##### Data section #####

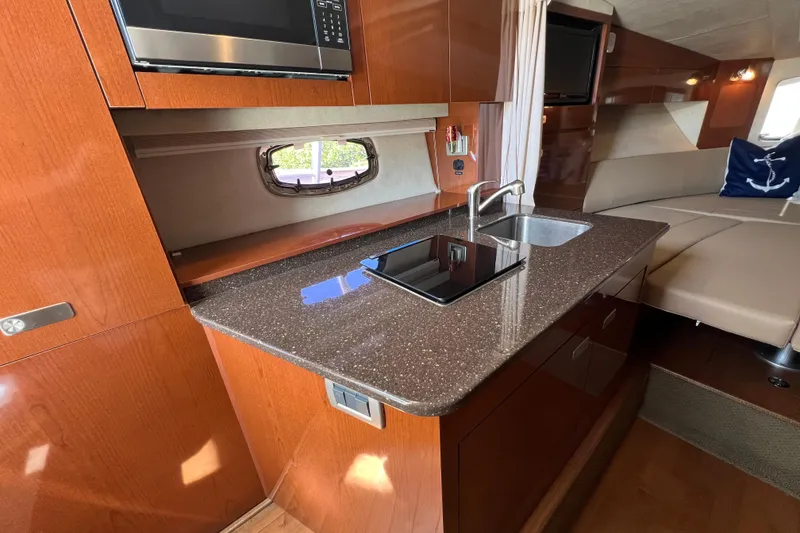 Slide: The Image of Luxurious interior of 2012 Sea Ray 310 Sundancer yacht with modern kitchen amenities. - 24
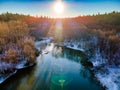 Drone view of a river with a lake on a snowy forest plain during a clear winter morning and bright sunrise Royalty Free Stock Photo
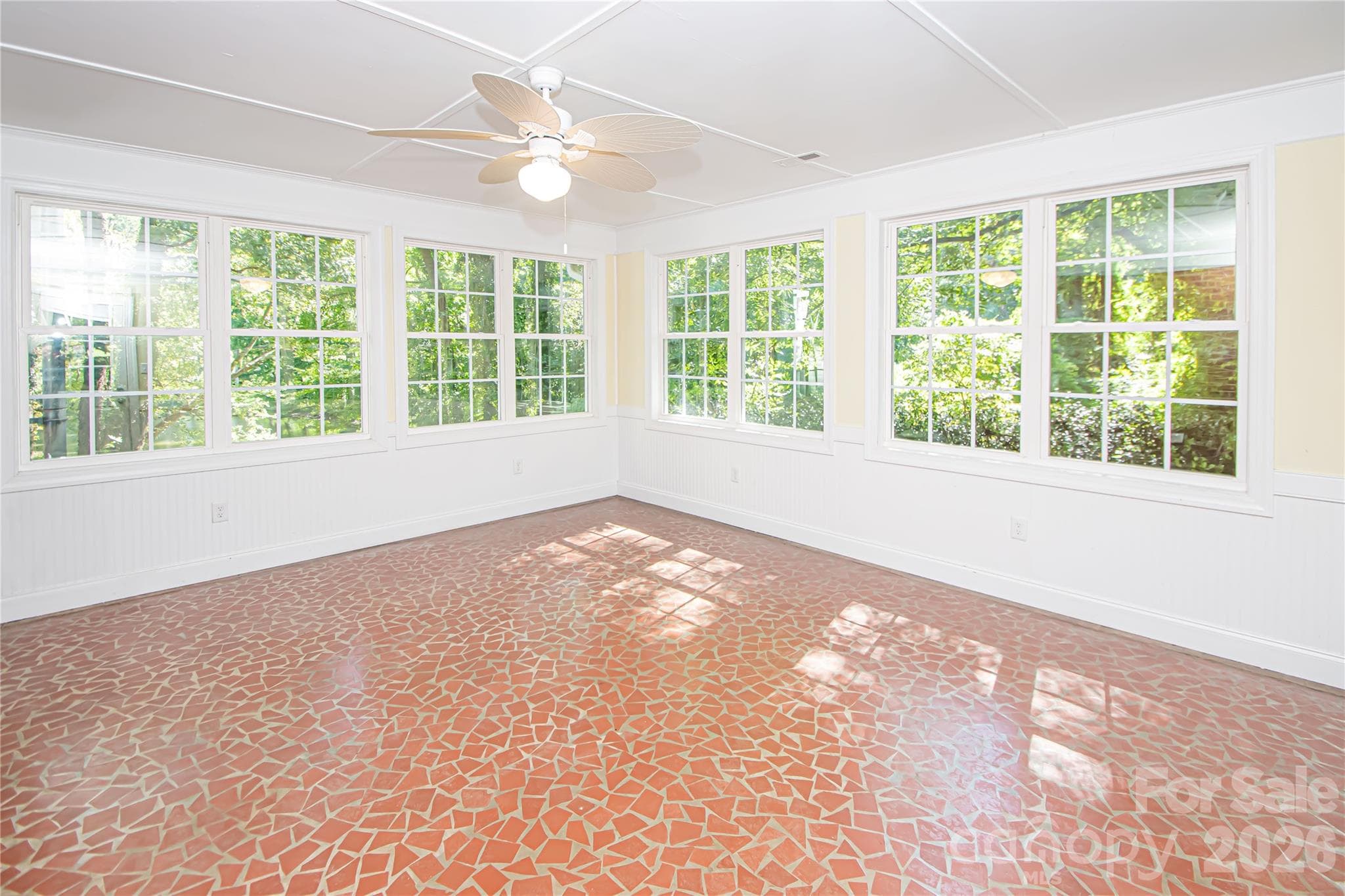 Spacious sunroom has windows all over that provide beautiful views of the lake.  Photo has been enhanced by AI to show placement of furniture. - 7400 Oakwood Lane, Charlotte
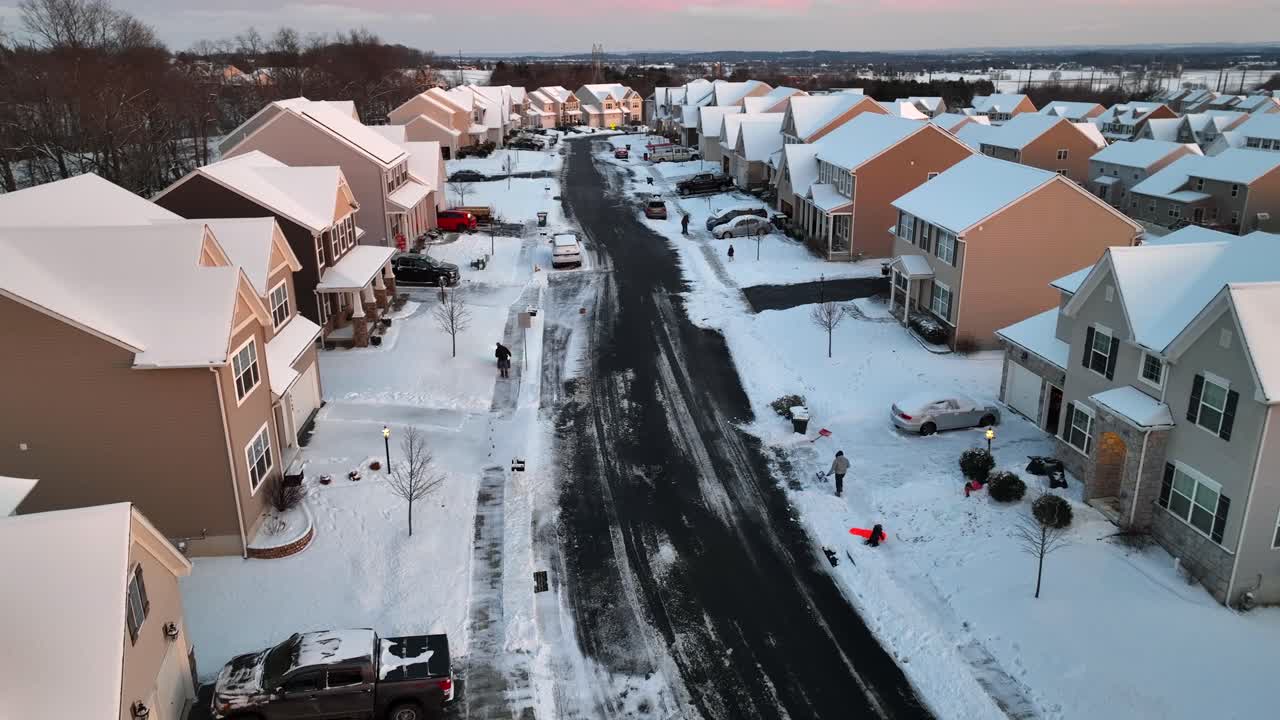 Family having fun on snow, father cleaning sidewalk with shovel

#####

• **Directions**: Your task is to restate word for word the lines from the one containing "Drone view of" through the last line of the data, both ends included, with no pictures.

• **Response**:
 Drone view of a river with a lake on a snowy forest plain during a clear winter morning and bright sunrise Royalty Free Stock Photo
 Spacious sunroom has windows all over that provide beautiful views of the lake.  Photo has been enhanced by AI to show placement of furniture. - 7400 Oakwood Lane, Charlotte
 Family having fun on snow, father cleaning sidewalk with shovel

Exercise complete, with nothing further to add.